Over the years, Sanders’ lab has done a series of measurements to quantitate the stability of mutant forms of PMP22. His lab has also collaborated with U-M researcher Melanie Ohi to study the healthy function of PMP22, work that started while Ohi was on the faculty at Vanderbilt.
“We were able to see what we called myelin-like assemblies that allowed us to get some idea of what this protein might actually be doing in the context of a membrane. When we came to U-M, our goal was to get a high-resolution structure, which is really hard because this is a really small protein,” Ohi said. “We needed to figure out if the protein Dr. Yadav was making for structural studies was forming larger oligomers and, surprisingly, PMP22 works well for Brandon’s technique.”
Currently an associate professor in U-M’s Life Sciences Institute, Ohi met Ruotolo, whose lab specializes in using IM-MS to capture native structures of biomolecules as well as how they assemble.
To view these proteins using this kind of mass spectrometry, Ruotolo’s lab transfers the protein into the gas phase using a technique called nano-electrospray ionization. The technique works by aersolzing protein-containing solutions into tiny charged droplets. The solvent carrying the protein quickly dries—this process happens over just milliseconds—which leaves the charged protein behind. These charged proteins are then drawn into a vacuum environment inside the mass spectrometry instrument.

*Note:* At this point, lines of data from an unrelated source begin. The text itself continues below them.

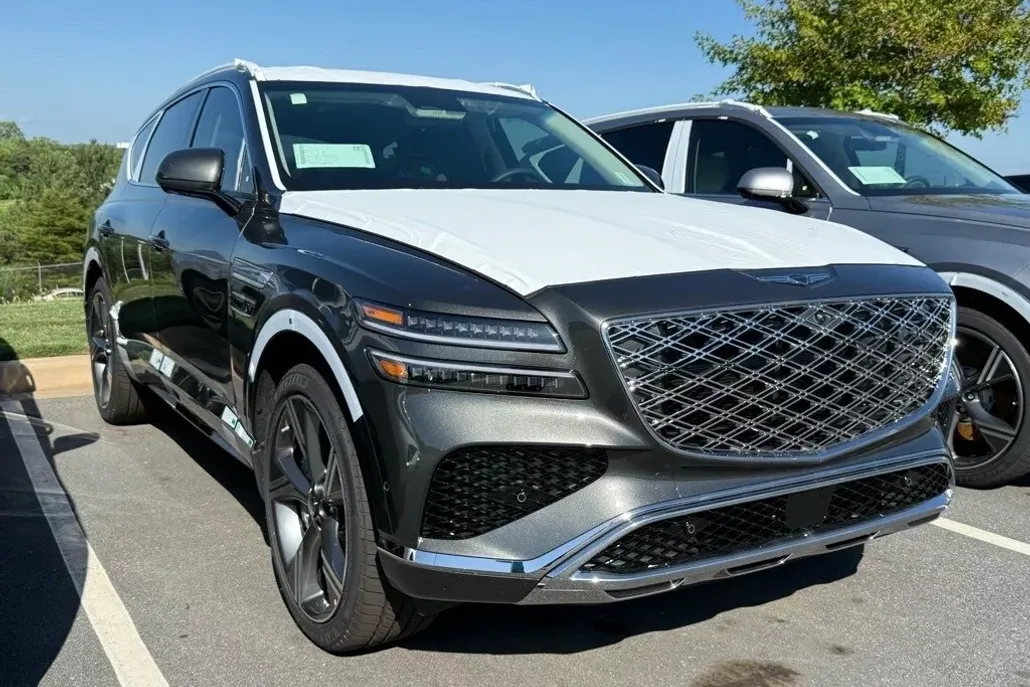 2025 Genesis GV80 3.5T Prestige photo 1
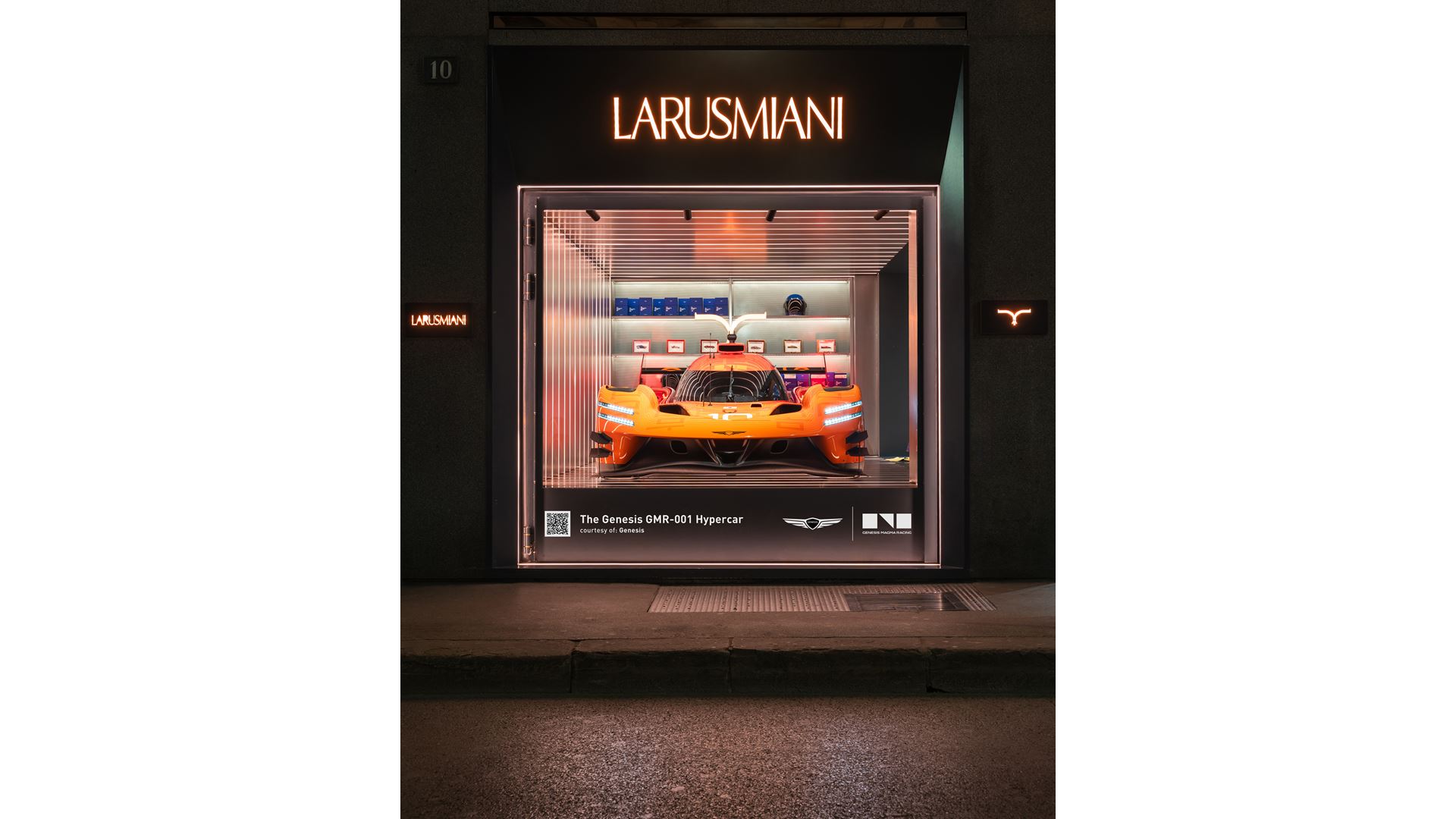 GENESIS COLLABORATES WITH LARUSMIANI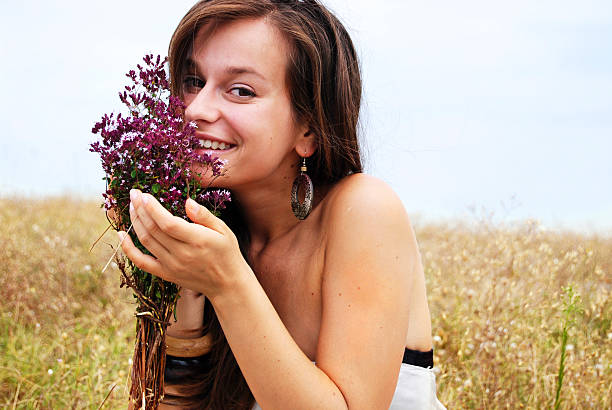 pretty girl - cut flowers women field single flower fotografías e imágenes de stock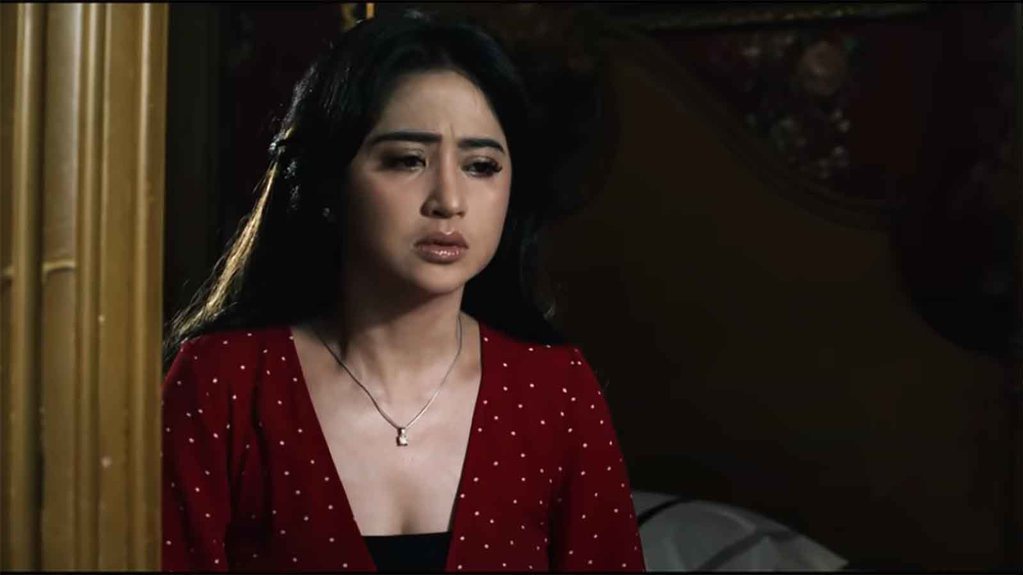 Lirik Lagu Pokemon dari Dewi Perssik yang Viral di TikTok Lirik Lagu Pokemon dari Dewi Perssik yang Viral di TikTok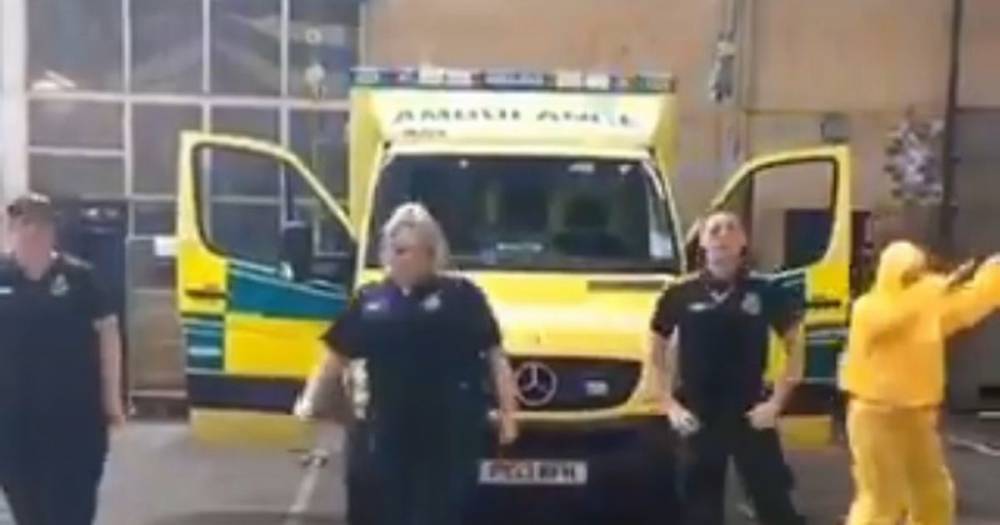 The brilliant moment Greater Manchester ambulance staff took on a viral dance challenge - www.manchestereveningnews.co.uk - Manchester - county Oldham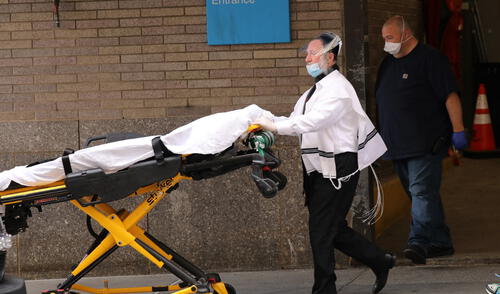 EE. UU. registra más de 300.000 casos de coronavirus y unos 8.000 muertos. Foto: AFP.
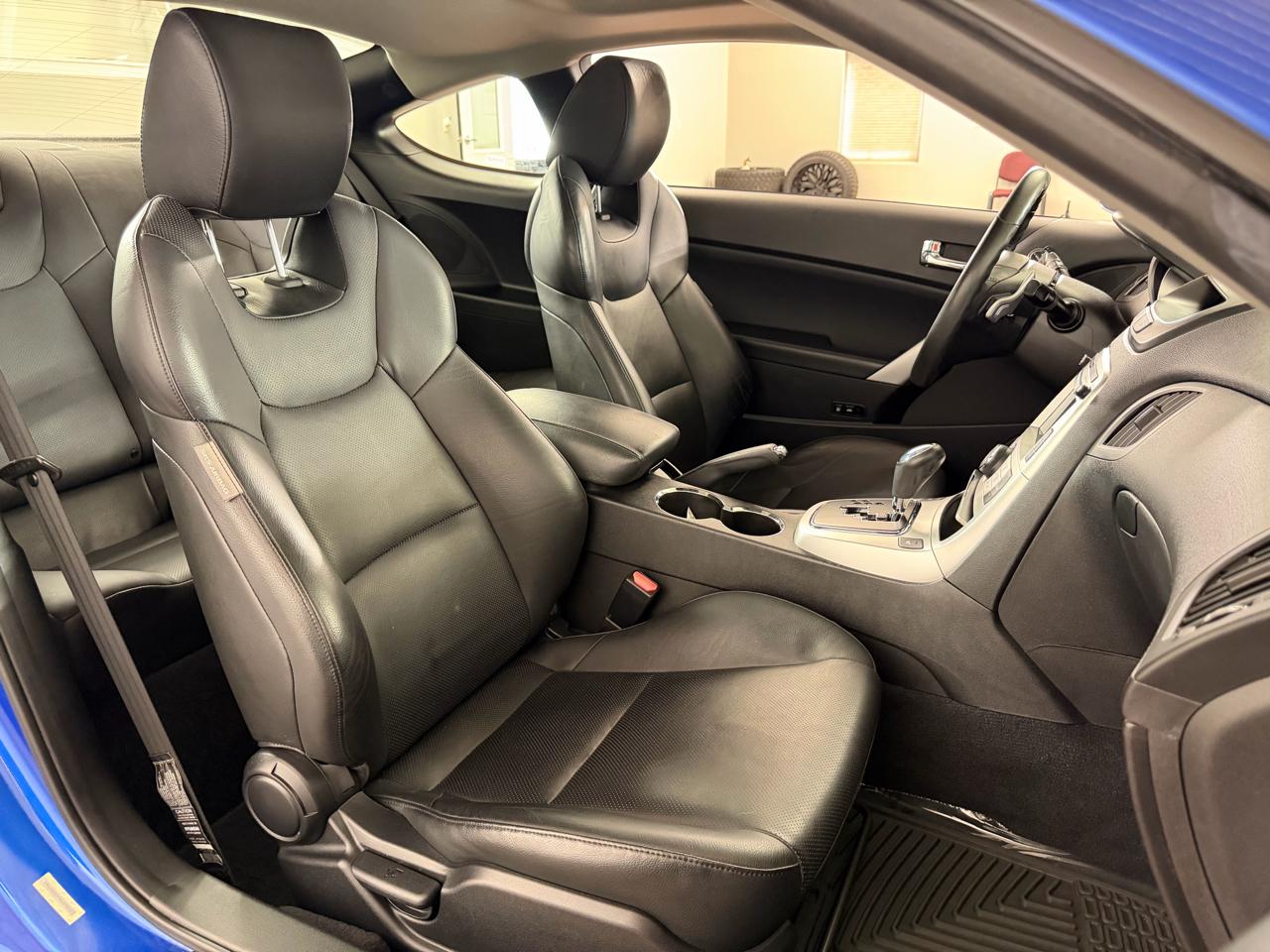 Hyundai Genesis Coupe  2010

Once inside the instrument, ions encounter a chamber pressurized with a small amount of background gas. Within this chamber, the instrument uses an electric field to pull the ionized proteins through a series of electrodes in the presence of the background gas. This separates the ions according to their size. A subsequent device uses a chamber operated under strict vacuum conditions to separate the same ions according to their mass. This way, the researchers are able to view both the structures of the proteins, and separate PMP22 dimers from monomers in order to evaluate them independently.
The researchers then heat the ionized proteins and measure their size, repeating this step several times in order to measure the changes in size as the proteins unfold. This tells the researchers how stable the proteins are—and in particular, the stability of the misfolded dimer proteins.
The researchers say developing therapeutics to interfere with these mutants clumping together is further down the road, but knowing how and where the protein self-associates provides a road map for a new venue of research.
“Not only is this a big step forward in what we know about the protein, mass spectrometry has such fabulous capabilities that this opens the door for a whole unbelievable set of things that we could do in the future with this protein,” Sanders said. “With the sort of techniques that Brandon works with, you could imagine eventually extending this to drug discovery, using this basic method as an assay for finding compounds that correct these defects.”
The study is titled “Ion Mobility Mass Spectrometry Reveals the Role of Peripheral Myelin Protein Dimers in Peripheral Neuropathy.” PNAS has made it available at DOI:10.1073/pnas.2015331118.
Study co-authors include U-M chemistry graduate students Sarah Fantin, Kristine Parson and Brock Juliano; Life Sciences Institute senior research associate Pramod Yadav; and Vanderbilt research fellow Geoffrey Li.